Throughput and accuracy numbers for the diarization and ASR backends. Throughput figures come from in-house runs; accuracy is reproduced from the model authors' published benchmarks.
10-minute English audio file, fp32 models. RTF < 1.0 = faster than real-time.
| Backend | Hardware | Diarization | ASR | Total | RTF |
|---|---|---|---|---|---|
| Silero VAD | AMD Ryzen 7 7840U | 2.1s | 50.5s | 52.7s | 0.088 |
| Sortformer | AMD Ryzen 7 7840U | 33.2s | 49.2s | 82.4s | 0.137 |
| DiariZen | AMD Ryzen 7 7840U | 502.0s | 55.8s | 557.8s | 0.930 |
| Silero VAD | NVIDIA RTX 3090 | 2.1s | 5.4s | 7.4s | 0.012 |
| Sortformer | NVIDIA RTX 3090 | 16.0s | 5.5s | 21.4s | 0.036 |
| DiariZen | NVIDIA RTX 3090 | 16.8s | 5.4s | 22.2s | 0.037 |
DiariZen's segmentation and embedding pipeline is heavily GPU-accelerated — CUDA reduces diarization time from 502s to 16.8s (~30×) and brings total runtime in line with Sortformer.
Parakeet TDT beam search (--parakeet-beam 4) adds roughly 3–5× to ASR latency. With KenLM fusion at typical weights the additional lookup cost is a few hundred milliseconds per clip (one-time LM load plus microsecond-per-beam-expansion scoring).
Diarization Error Rate from published benchmarks. Lower is better.
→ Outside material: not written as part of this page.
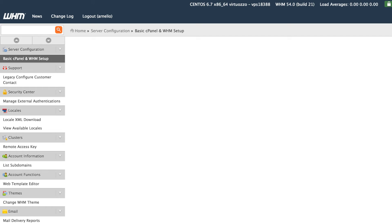Understand that this portion of the process does not require root access to WHM, so you can just log in as a reseller.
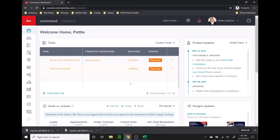Hey guys, Kevin Jackson here with another command tutorial for you. Today I'm going to show you how to export mailing lists from command and how to format those Excel sheets so they will work with Microsoft Word's mail merge software.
| Backend | AMI-SDM | VoxConverse | DIHARD III | Source |
|---|---|---|---|---|
| Sortformer v2-stream | 20.6% | 13.9% | 20.2% | HuggingFace |
| DiariZen-Large | 13.9% | 9.1% | 14.5% | BUTSpeechFIT/DiariZen |
Benchmarks use different evaluation conditions (collar, overlap handling) — direct cross-model comparison should be treated as indicative only. The independent survey Benchmarking Diarization Models (2509.26177) found Sortformer v2-stream and DiariZen among the top open-source performers overall.